CVPR 2020: Image-to-Image Translation(1)

 

SEAN: Image Synthesis with Semantic Region-Adaptive Normalization

  • Author: Peihao Zhu, Rameen Abdal, Yipeng Qin, Peter Wonka
  • Arxiv: 1911.12861
  • GitHub

Problem

synthetic image generation

Assumption in prior work

Starting from SPADE, 1) use only one style code for whole image, 2) insert style code only in the beginning of network.

None of previous networks use style information to generate spatially varying normalization parameters.

Insight

control the style of each semantic region individually, e.g., we can specify one style reference image per region

use style input images to create spatially varying normalization parameters per semantic region. An important aspect of this work is that the spatially varying normalization parameters are dependent on the segmentation mask as well as the style input images.

Technical overview

SEAN normalization

The input are style matrix ST and segmentation mask M. In the upper part, the style codes in ST undergo a per style convolution and are then broadcast to their corresponding regions according to M to yield a style map. The style map is processed by conv layers to produce per pixel normalization values γs and βs . The lower part (light blue layers) creates per pixel normalization values using only the region information similar to SPADE.

The Generator

(A) On the left, the style encoder takes an input image and outputs a style matrix ST. The generator on the right consists of interleaved SEAN ResBlocks and Upsampling layers. (B) A detailed view of a SEAN ResBlock used in (A).

Proof

  • Datasets: ADE20k, cityscapes, CelebA-HQ, Facades
  • Baselines: pix2pixHD, SPADE
  • Metrics: mIoU, pixel accuracy, FID; SSIM, RMSE, PSNR(for reconstruction)

Impact

application: style interpolation an per-region extension to SPADE

Attentive Normalization for Conditional Image Generation

  • Author: Yi Wang, Yubei Chen, Xiangyu Zhang, Jian-Tao Sun, Jiaya Jia less
  • Arxiv: 2004.03828

Conditional image generation of a GAN framework using our proposed attentive normalization module. (a) Class conditional image generation. (b) Image inpainting.

Problem

Conditional Image Synthesis

Assumption in prior work

Traditional convolution-based generative adversarial networks synthesize images based on hierarchical local operations, where long-range dependency relation is implicitly modeled with a Markov chain.
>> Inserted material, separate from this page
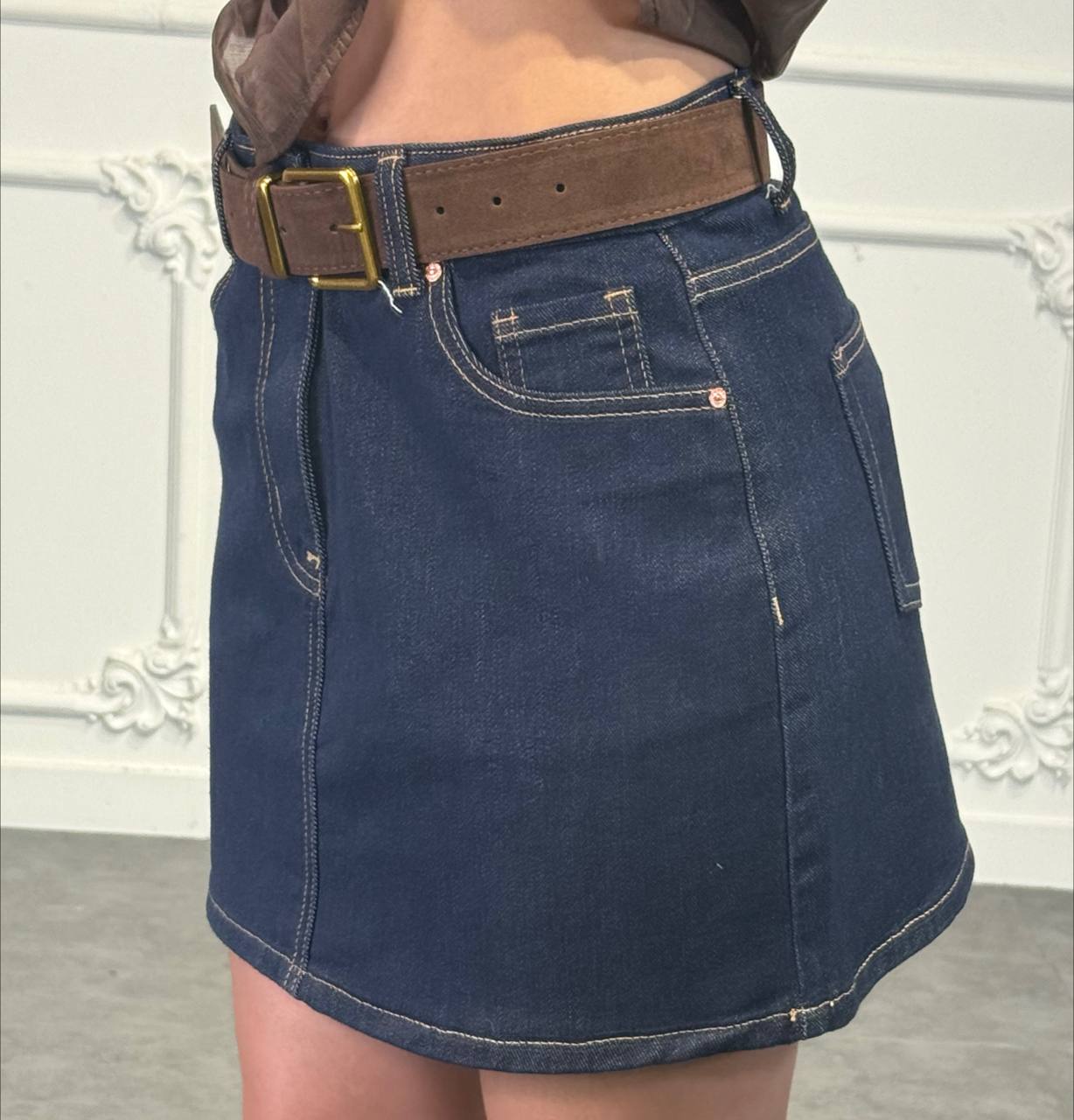 Gonna corta in denim a vita alta con cintura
It is still not sufficient for categories with complicated structures.

Self-Attention GAN: the self-attention module requires computing the correlation between every two points in the feature map. Therefore, the computational cost grows rapidly as the feature map becomes large.

Instance Normalization (IN): the previous solution of (IN) normalizes the mean and variance of a feature map along its spatial dimensions. This strategy ignores the fact that different locations may correspond to semantics with varying mean and variance.

Insight

Attentive Normalization (AN) predicts a semantic layout from the input feature map and then conduct regional instance normalization on the feature map based on this layout.

Technical overview

AN is formed by the proposed semantic layout learning (SLL) module, and a regional normalization, as shown in Figure 2. It has a semantics learning branch and a self-sampling branch. The semantic learning branch employs a certain number of convolutional filters to capture regions with different semantics (which are activated by a specific filter), with the assumption that each filter in this branch corresponds to some semantic entities.

Proof

  • Datasets: ImageNet; Paris Streetview
  • Baselines: SN-GAN, SA-GAN, BigGAN (Conditional Synthesis); CA (inpainting)
  • Metrics: FID, IS (Conditional Synthesis); PSRN, SSIM (inpainting)

Impact

semantics-aware attention + regional normalization

High-Resolution Daytime Translation Without Domain Labels

  • Author: Ivan Anokhin, Pavel Solovev, Denis Korzhenkov, Alexey Kharlamov, Taras Khakhulin, Alexey Silvestrov, Sergey I. Nikolenko, Victor S. Lempitsky, Gleb Sterkin
  • Arxiv: 2003.08791
  • GitHub
  • Project Site

Problem

an image-to-image translation problem suitable for the setting when domain labels are unavailable.

Assumption in prior work

Image-to-image translation approaches require domain labels at training as well as at inference time. The recent FUNIT model relaxes this constraint partially. Thus, to extract the style at inference time, it uses several images from the target domain as guidance for translation (known as the few-shot setting). The domain annotations are however still needed during training.

Insight

The only external (weak) supervision used by our approach are coarse segmentation maps estimated using an off-the-shelf semantic segmentation network.

Technical overview

HiDT learning data flow. We show half of the (symmetric) architecture; s′ = Es(x′) is the style extracted from the other image x′, and ŝ′ is obtained similarly to ŝ with x and x′ swapped. Light blue nodes denote data elements; light green, loss functions; others, functions (subnetworks). Functions with identical labels have shared weights. Adversarial losses are omitted for clarity.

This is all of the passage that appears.